-- Goal of the exercise --
What lines of the material hold the string "with"? Pull each of them out.

-- Records for this task --
*** Begin section ***
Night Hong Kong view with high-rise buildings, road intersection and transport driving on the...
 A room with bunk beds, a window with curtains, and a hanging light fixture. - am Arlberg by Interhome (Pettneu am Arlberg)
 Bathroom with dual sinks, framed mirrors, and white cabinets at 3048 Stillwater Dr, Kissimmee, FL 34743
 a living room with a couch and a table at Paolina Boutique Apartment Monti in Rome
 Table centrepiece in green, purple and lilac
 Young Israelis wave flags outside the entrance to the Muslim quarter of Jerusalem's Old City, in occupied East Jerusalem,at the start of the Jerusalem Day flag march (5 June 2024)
*** End section ***
-- Solution to this problem --
Night Hong Kong view with high-rise buildings, road intersection and transport driving on the...
 A room with bunk beds, a window with curtains, and a hanging light fixture. - am Arlberg by Interhome (Pettneu am Arlberg)
 Bathroom with dual sinks, framed mirrors, and white cabinets at 3048 Stillwater Dr, Kissimmee, FL 34743
 a living room with a couch and a table at Paolina Boutique Apartment Monti in Rome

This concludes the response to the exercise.